Wie viele Flüchtlinge mit Aufenthaltsgenehmigung zwischen Radeburg und Weinböhla bereits in eigene vier Wände gezogen sind, kann das Landratsamt statistisch nicht herausfiltern. Was jedoch auf SZ-Anfrage festgestellt werden kann: 67 Personen mit Aufenthaltstitel waren zum 15. August noch in den Asylunterkünften des Landkreises in Radeburg, Moritzburg, Radebeul, Coswig und Weinböhla untergebracht, weil ihre Suche bislang erfolglos war.

„Es läuft schleppend, gerade bei Einzelpersonen entsprechenden Wohnraum zu finden“, räumt auch Barbara Schwedler ein, Leiterin des Ausländeramtes der Landkreisverwaltung. Die Behörde hat bisher nicht zum Auszug aus ihren Räumlichkeiten gedrängt, weil sie Obdachlosigkeit vermeiden möchte.

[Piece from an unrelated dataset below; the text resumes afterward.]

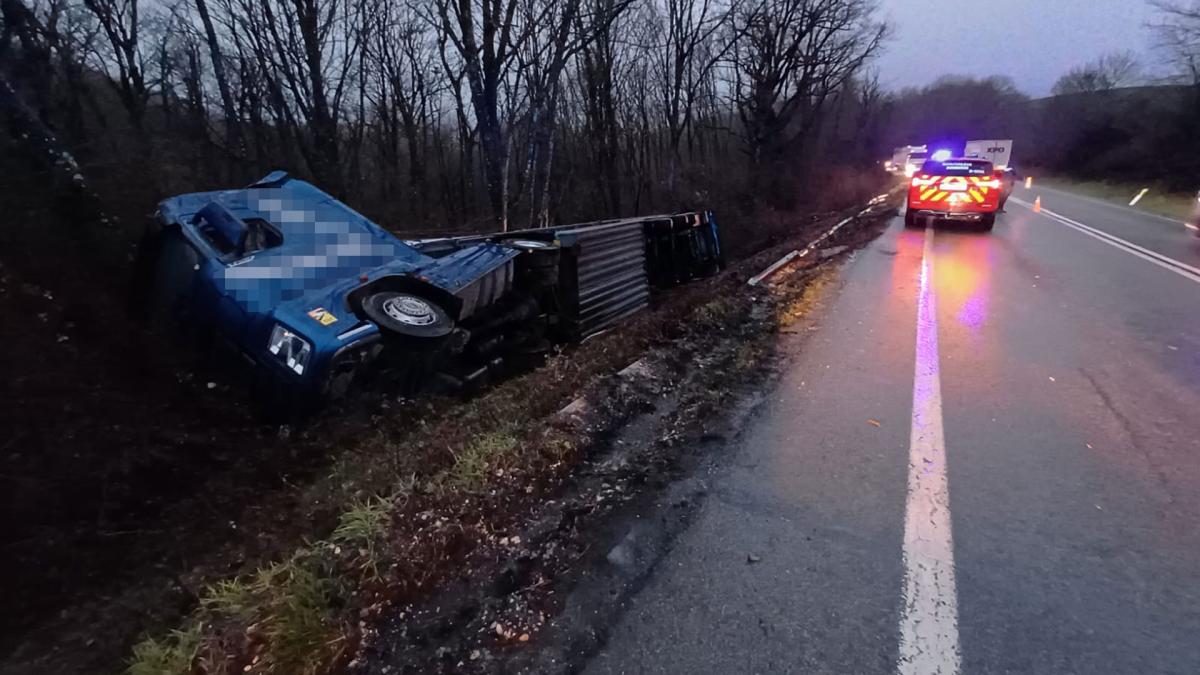 <![CDATA[Rescatan ileso a un camionero tras caer por un terraplén de cinco metros en la N-121-A]]>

Nur sieben der 32 Moritzburger Campbewohner mit Aufenthaltserlaubnis haben bereits eine eigene Wohnung: drei in und um Leipzig sowie vier in den alten Bundesländern. „Aber was sollen wir woanders?“, fragen Somar und Mahmoud. Schließlich haben die beiden seit Juli hier einen Minijob.

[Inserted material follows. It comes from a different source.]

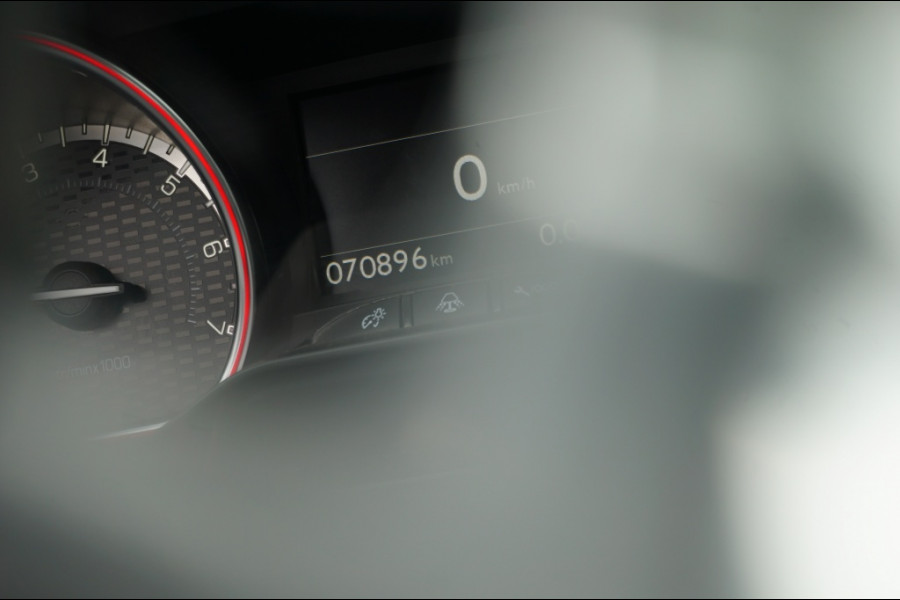 Peugeot 2008 110PK GT-line NAVI | CAMERA | PANO | CRUISE | TREKHAAK | CLIMA!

Im Glashaus Gartenkultur in Medingen helfen sie mit, wo immer etwas zu pflanzen, graben, mähen oder zu reparieren ist. „Neben der traurigen Tatsache, dass es zunehmend unmöglicher wird, deutsche Arbeitskräfte für schwere körperliche Tätigkeit im Freien und bei jeder Witterung mit branchenbedingt relativ geringer Bezahlung zu finden, ist es mir ein Bedürfnis, Asylsuchenden eine Möglichkeit zu bieten, bei uns Fuß zu fassen“, sagt Geschäftsführer Thomas Till.

Damit zählen die beiden Syrer zu einer Minderheit von erwerbstätigen Flüchtlingen in der Region. Wie das Landratsamt der SZ mitteilt, gehen aktuell noch in Radebeul drei Ausländer mit Aufenthaltstitel einer Arbeit nach, in Coswig neun und in Weinböhla 13.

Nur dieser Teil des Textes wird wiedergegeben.